▸ **Exercise brief**: Take the lines below from the one with "عراقجي: الدعوات لإيران" through the one with "thumbnail image 2" and retype them exactly. Include nothing else, and no pictures.

▸ **Records provided**:
------------------------------------------------------------

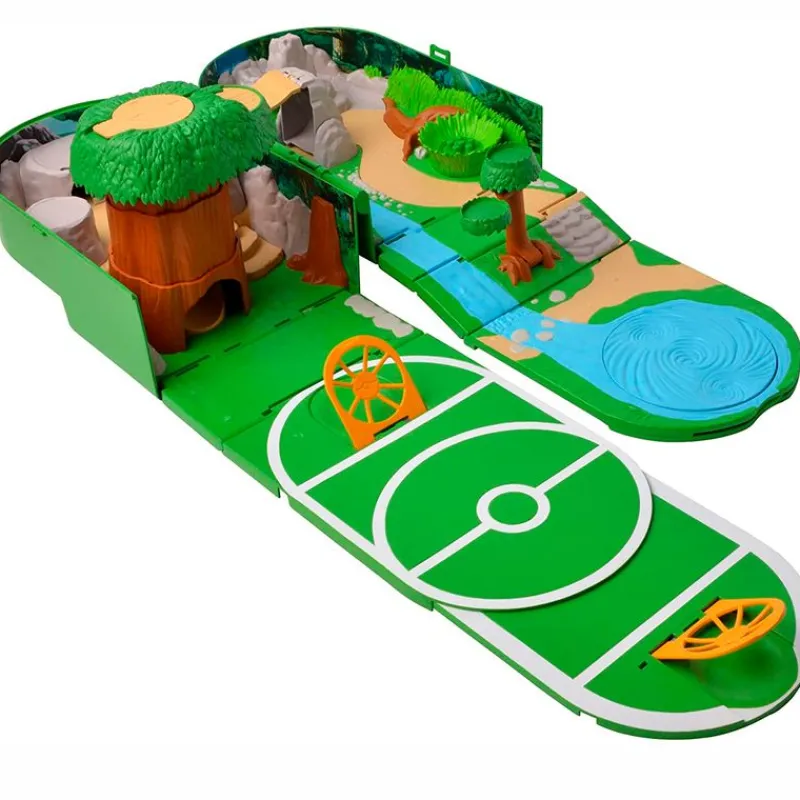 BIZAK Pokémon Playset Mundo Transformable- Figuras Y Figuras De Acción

------------------------------------------------------------

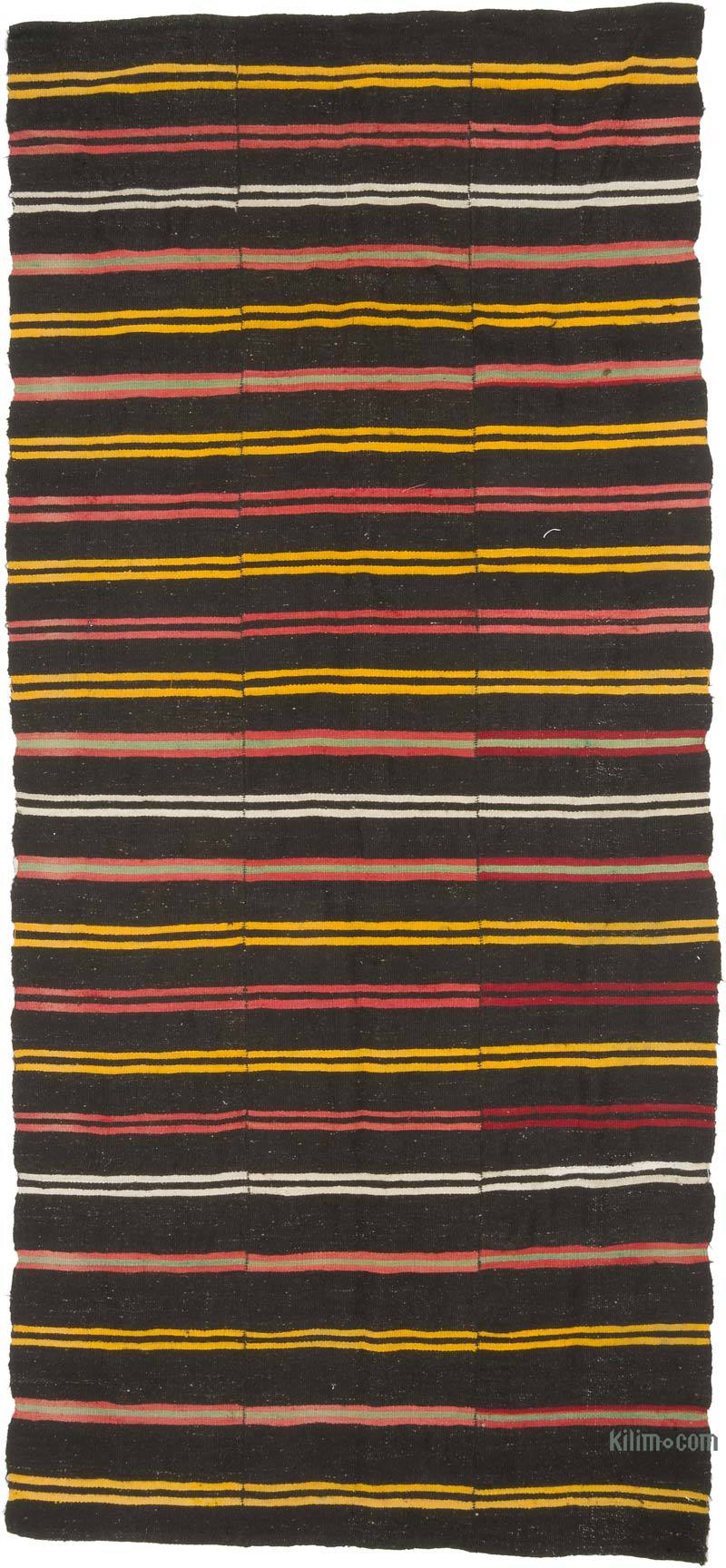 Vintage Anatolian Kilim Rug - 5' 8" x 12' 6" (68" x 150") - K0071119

------------------------------------------------------------

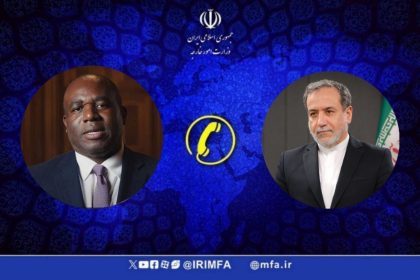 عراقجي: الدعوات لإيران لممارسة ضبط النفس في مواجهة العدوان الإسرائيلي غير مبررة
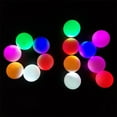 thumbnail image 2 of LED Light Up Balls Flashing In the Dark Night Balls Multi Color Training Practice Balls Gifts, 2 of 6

------------------------------------------------------------

▸ **Task output**:
 عراقجي: الدعوات لإيران لممارسة ضبط النفس في مواجهة العدوان الإسرائيلي غير مبررة
 thumbnail image 2 of LED Light Up Balls Flashing In the Dark Night Balls Multi Color Training Practice Balls Gifts, 2 of 6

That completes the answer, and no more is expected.